All of the data that follows should be retyped exactly, please, except the pictures.
(Raw data Opens)
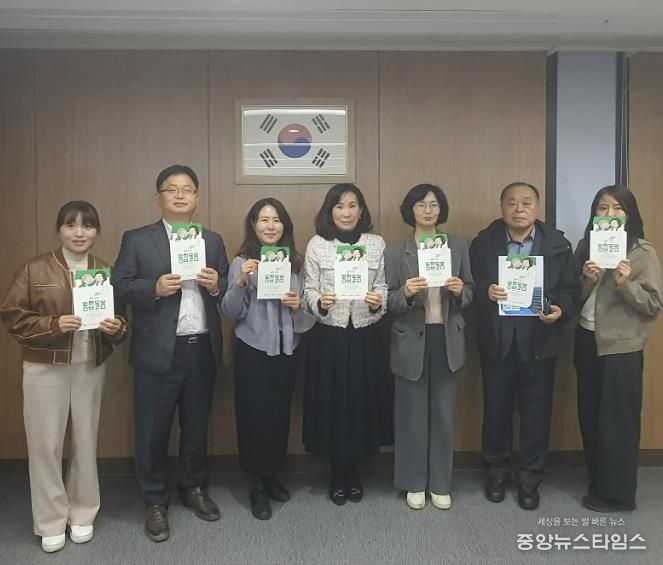 지난 13일 복지정책과·보건정책과 과장 및 팀장, 담당자, 통합지원협의체 위원 등 실무진 7명이 광주 서구보건소를 방문해 광주 서구의 통합돌봄 우수사례를 벤치마킹했다.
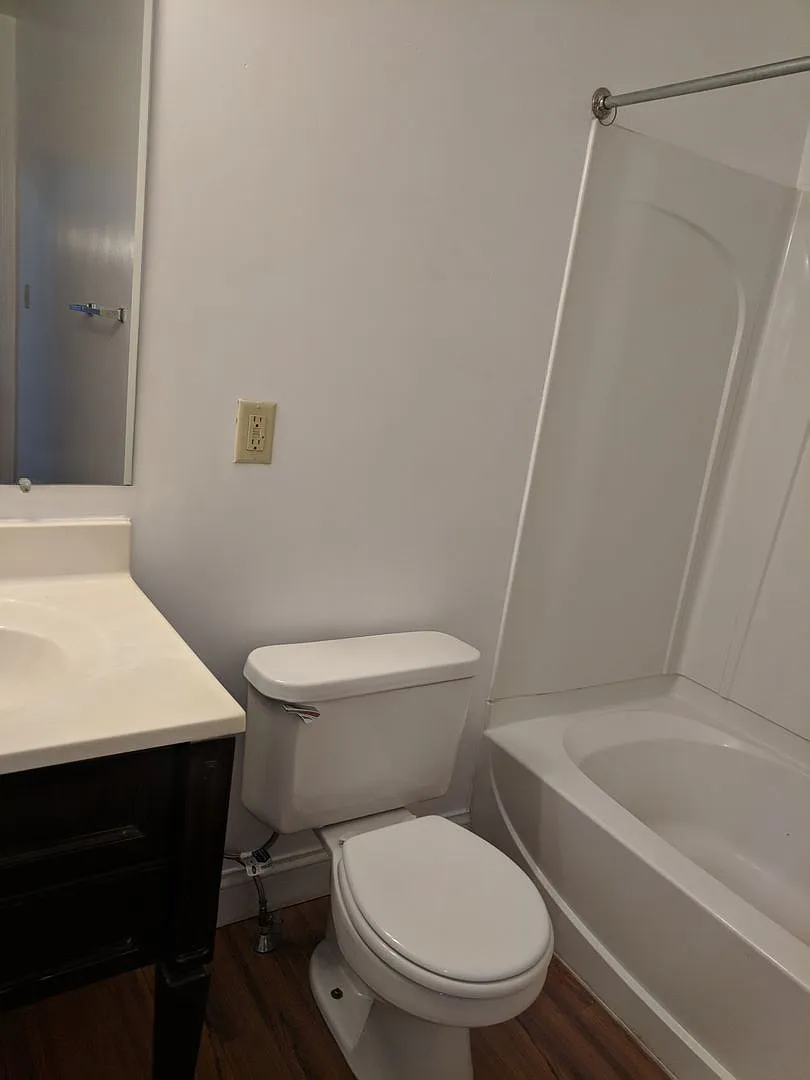 309 MEYRAN — Photo 1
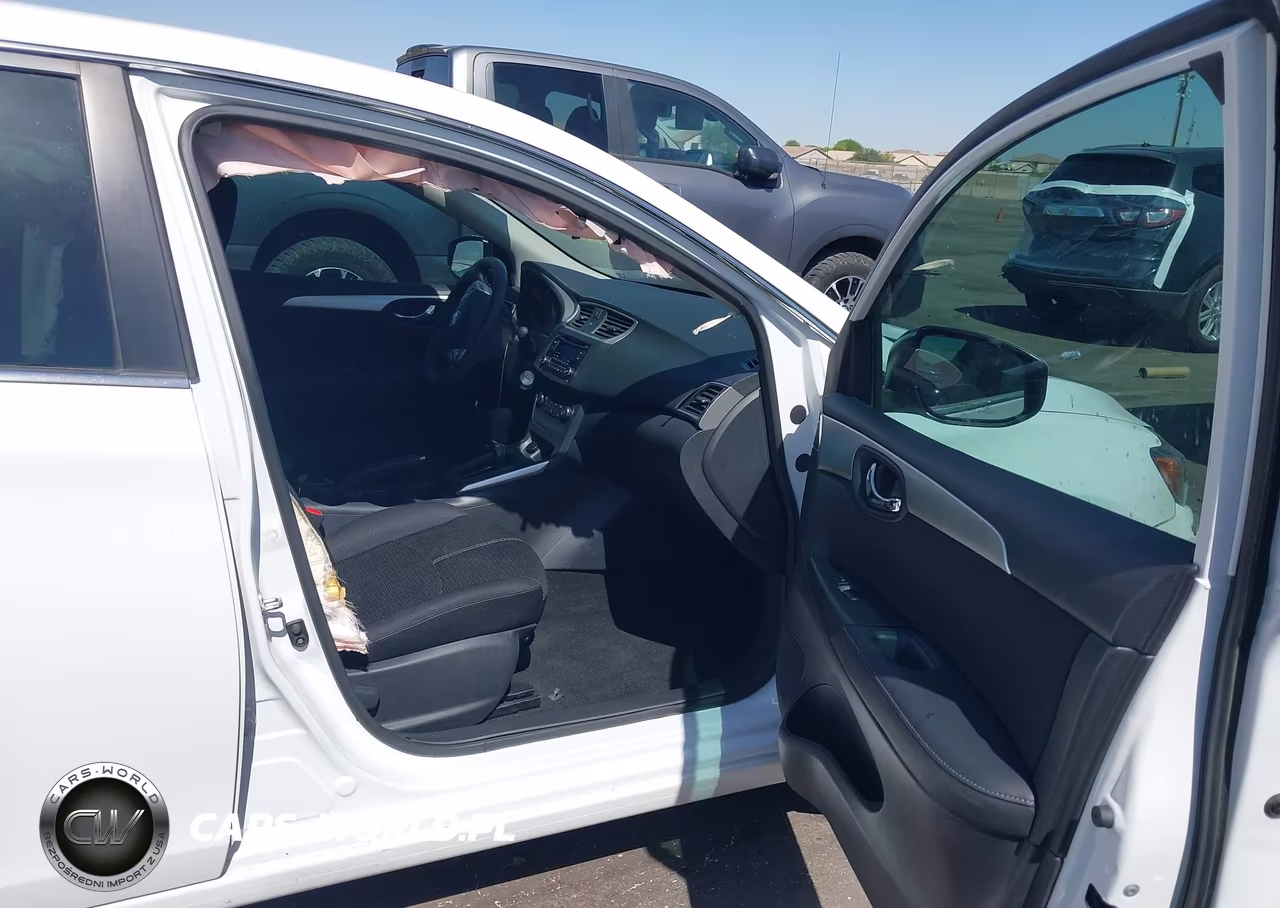 2017 Nissan Sentra S VIN:3N1AB7AP9HY227453 - 5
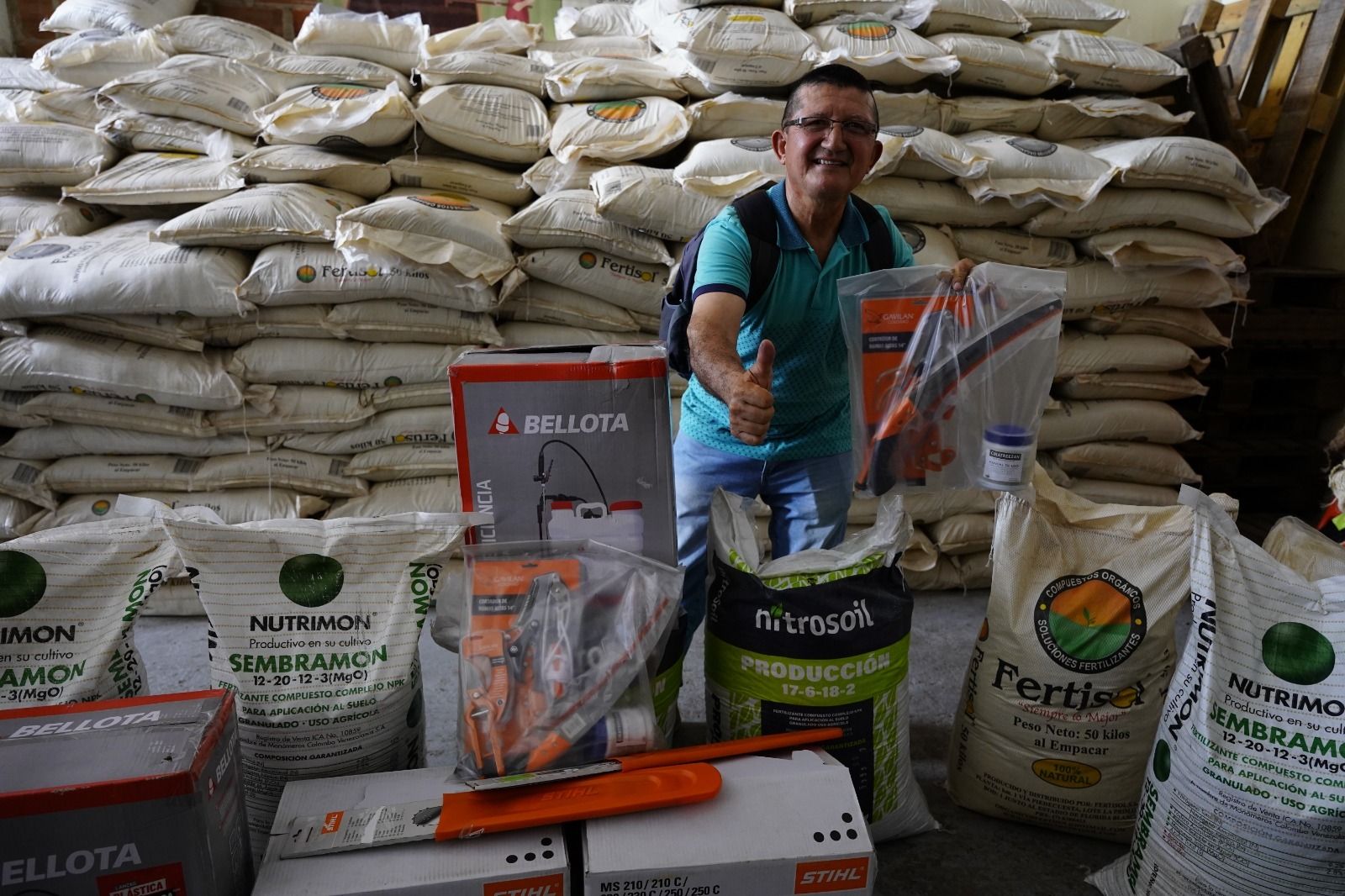 Insumos y herramientas para mejorar cultivos en Santander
(Raw data Closes)
→ **Your response**
 지난 13일 복지정책과·보건정책과 과장 및 팀장, 담당자, 통합지원협의체 위원 등 실무진 7명이 광주 서구보건소를 방문해 광주 서구의 통합돌봄 우수사례를 벤치마킹했다.
 309 MEYRAN — Photo 1
 2017 Nissan Sentra S VIN:3N1AB7AP9HY227453 - 5
 Insumos y herramientas para mejorar cultivos en Santander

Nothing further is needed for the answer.